The “backpack survivalist” is a person who plans on leaving their home either ahead of a disaster or during the disaster, depending on the situation. The Survivalist, with their Bug Out Bag and family in tow, will head to some parcel of wilderness. Usually the plans include using national forest land as the retreat, areas close to large lakes where camp grounds already exist or maybe even public hunting land. When discussing these plans in detail with other survivalist, usually, exact details have not been thought out.
Example of a bug out plan: A few years ago one survivalist was talking about his plans, which included driving about 14 – 18 hours (normal drive time), across two states in order to reach a large US national park. Exact details such as refueling stops, rest areas and actual camping grounds had not been planned out. The story sounded more like a mix between the Boy Scouts and a Rambo movie.
The survivalist plans for a bug out usually goes something like this:
1. If there is a traffic jam I can just drive around it by using the ditch or grassy median.
2. Survivalsit try to buy a 4-wheel drive so they can go off road where other types of cars and light trucks can not.
3. The motorcycle is a common consideration for the survivalist. As the motorcycle gets good gas mileage and can zip through traffic jams.
4. Sometimes the survivalist will have a cache of goods left with friends and family along the planned route.
5. Some survivalist even go as far as to bury items along the planned routes. The cache is usually next to a tree, or some other land mark. The caches are usually heavy duty PVC pipe or some type of air tight container.
6. Most survivalist that use the “Bug Out Bag” plan intend on traveling very light, with at least 3 days worth of supplies for each person.
7. If there is a need for more supplies during the Bug Out, the survivalist can dig up some of the buried caches along the route.
The fallacy of these plans are – the typical backpack survivalist does not have a place to go once they and their family have “Bugged Out.” There are usually hopes of finding lodging, a camping ground or some wilderness area where the survivalist and their family can stay until the disaster has passed.
The very concept of “living in the woods” is flawed. Even though early man was a hunter-gatherer, the landscape has changed. Wild plants do not grow in numbers great enough to support a newly founded village. Season is very important, early man would smoke and dry meat for most of the summer to have during the winter. If a family were to just show up in a wilderness area and hope to “survive” – its highly doubtful the plan would last. After starving for a few days, a few days with no wild game brought in for food, bad weather setting in, rain, sleet, snow, boredom, wondering about friends and family members, running out of toilet paper, sickness, missing a hot shower, bath and a normal toilet – there will be a demand from most members of the group to return to normal life.
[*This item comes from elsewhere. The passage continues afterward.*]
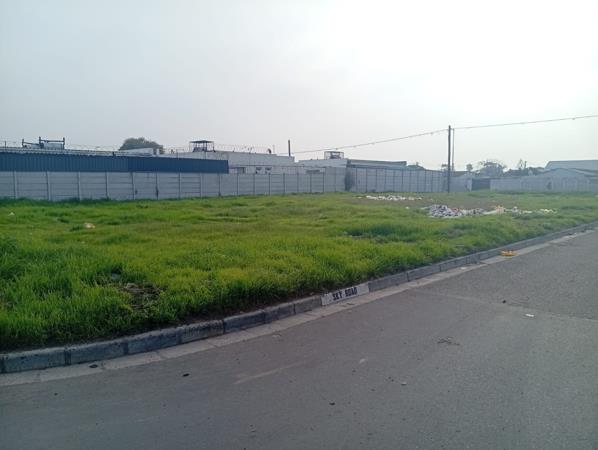 869 m² Land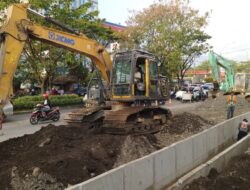 Dengarkan Aspirasi Warga, Pemprov Sulsel Percepat Perbaikan Drainase Jalan Aroepala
Once a family leaves their home and does not have a place to go, they are called refugees. Most refugees will be sleeping in shelters set up by local churches, the red cross, the salvation army or some other organization. That is just the way it is, refugees depend on the charity of others. The refugees that do not sleep in shelters will be sleeping in their cars or trucks.
The best plan a survivalist can have, is to have a “real” plan. This means that the family has a real place to go – such as a friend or family members house. The routes have already been planned and driven. The rest areas, refueling stations and places to buy food (survivalist should bring their own food) should already be plotted, noted and known ahead of time.